We'd already enjoyed some beautiful scenery on the way up to Cheticamp, as we followed the Cabot Trail north. I didn't know enough about Canada's first national park in the Maritimes to have any expectations, but within the first ten minutes of our drive through Cape Breton National Park, I was surprised and delighted at every bend as dramatic mountains spilled down to the ocean.
A third of the Cabot Trail passes through Cape Breton National Park. You can choose to experience the drive going clockwise or counter-clockwise. Counter-clockwise has the advantage of driving on the outside edge of the road, plus you end up on western side for the sunset. Clockwise is a better bet if you're ready for some dramatic scenery straight away, or want to hike the Skyline Trail earlier in the day.
We decided to loop around clockwise. After the initial drama of coast, with beaches, inlets, and even a few small sea stacks, we turned inland and began to climb. Soon we passed the road out to the popular Skyline Trail. Due to time constraints, we skipped it this time round - the views from the road were amazing enough.
At a few points, the trail winds out of the park, and you drive through or near little fishing communities. Lots of places advertise whale watching tours up on this northern end. We took a little detour down to Pleasant Bay, a picturesque harbour, on the western edge of this 'un-park' section and stopped at Neil's Harbour on the eastern edge to buy water at a little ice cream shop at the foot of a lighthouse.

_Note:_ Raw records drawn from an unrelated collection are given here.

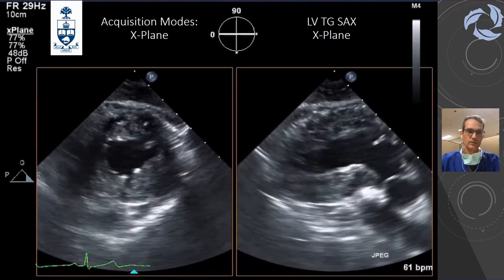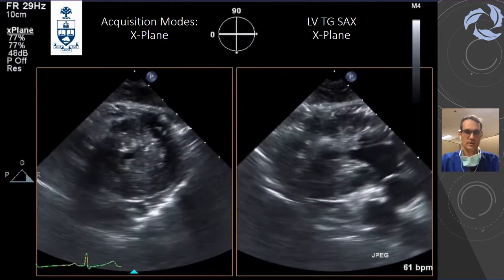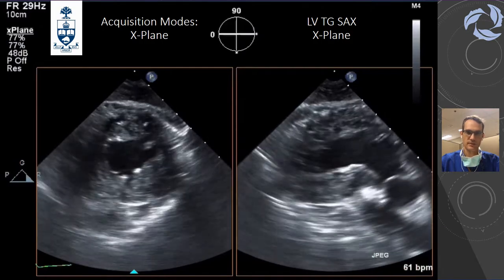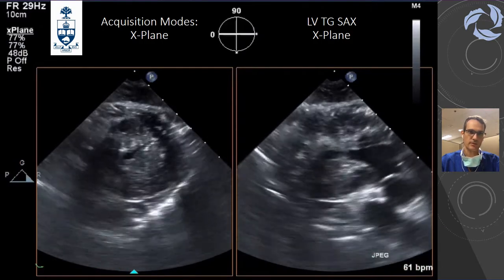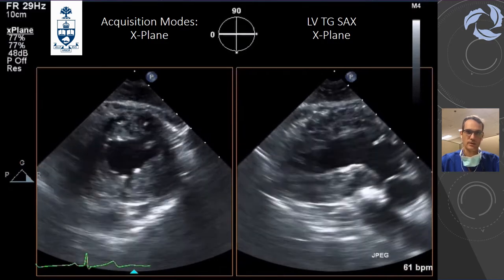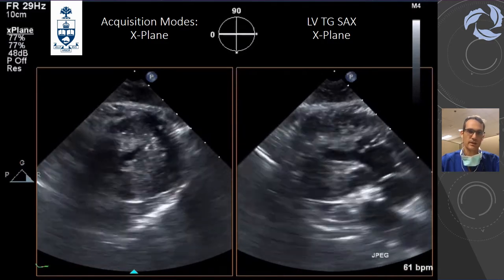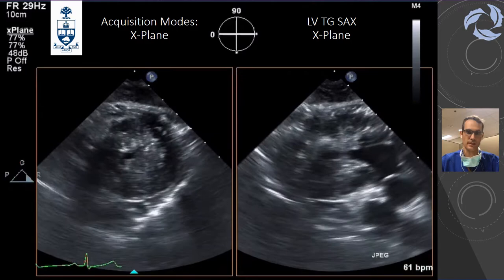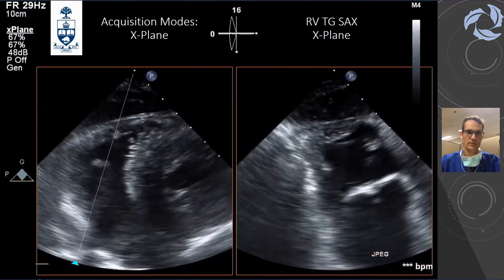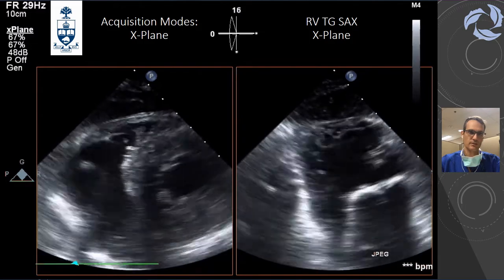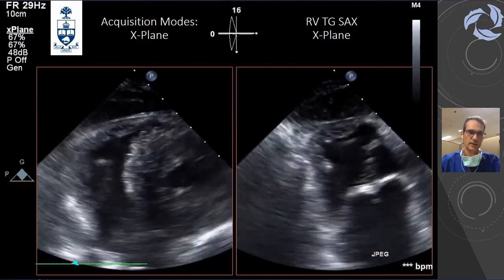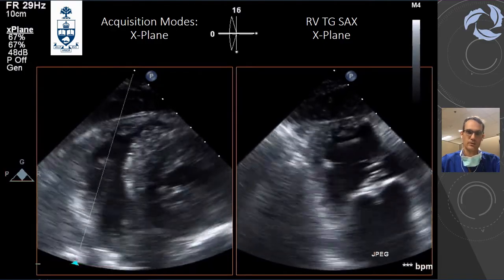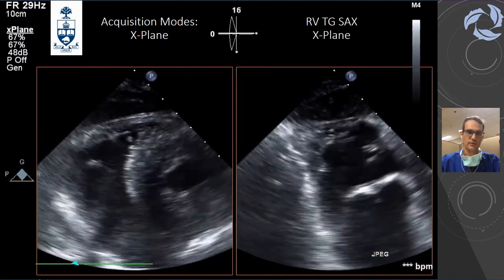Those are examples of the X-Plane acquisition modes. From the trans-gastric short axis view of the LV, we automatically get a 90-degree view, making it easy to assess all walls in both views. Same thing from the 4-chamber view — you get the 2-chamber view and can do a Simpson's biplane to estimate ejection fraction. Another example of when to use X-Plane is for the right ventricle: from the trans-gastric RV plane, you cut it, get 90 degrees, see the tricuspid moving towards the septum, and assess RV function.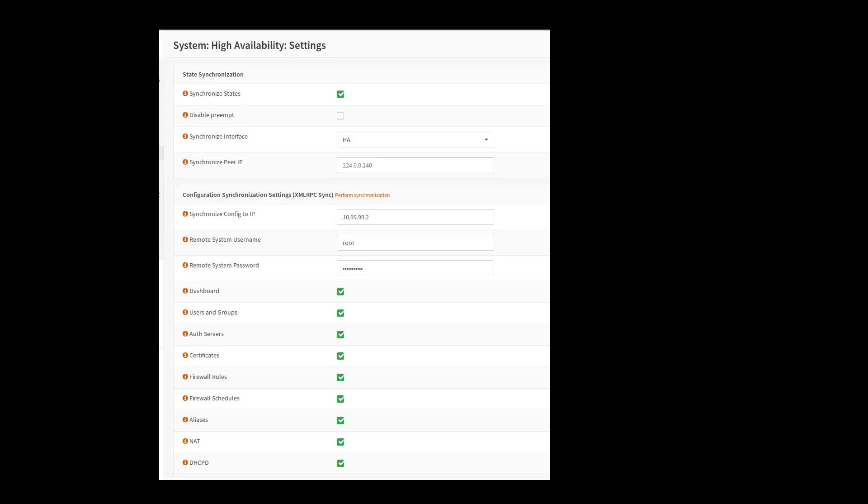Under the HA settings, we've turned it on and I've enabled synchronized states. You don't need to mess around with the synchronized IP address. I think it's a directed unicast or something, so it already knows how to communicate with the other node.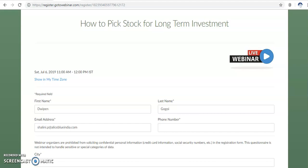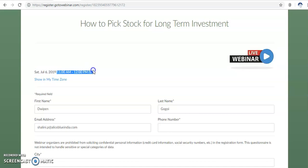Hi, this is Deepan Gogoi. Today is July 6, 2019. Today's webinar is about how to pick stocks for long-term investment. We are going to start from 11 AM today to 12 PM.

Our final stop of the day was at the Keltic Lodge near Ingonish. The famous resort perches on a narrow peninsula just inside the park, with views of the mountains and ocean on both sides. We went in, as Mom had memories of great ice cream on their last visit, but alas, they don't make it any more. We enjoyed a look around, regardless. We were tempted to call it an afternoon and spend the night here, but decided to press on so that we'd be closer to our destination on the second day, Louisbourg Fortress.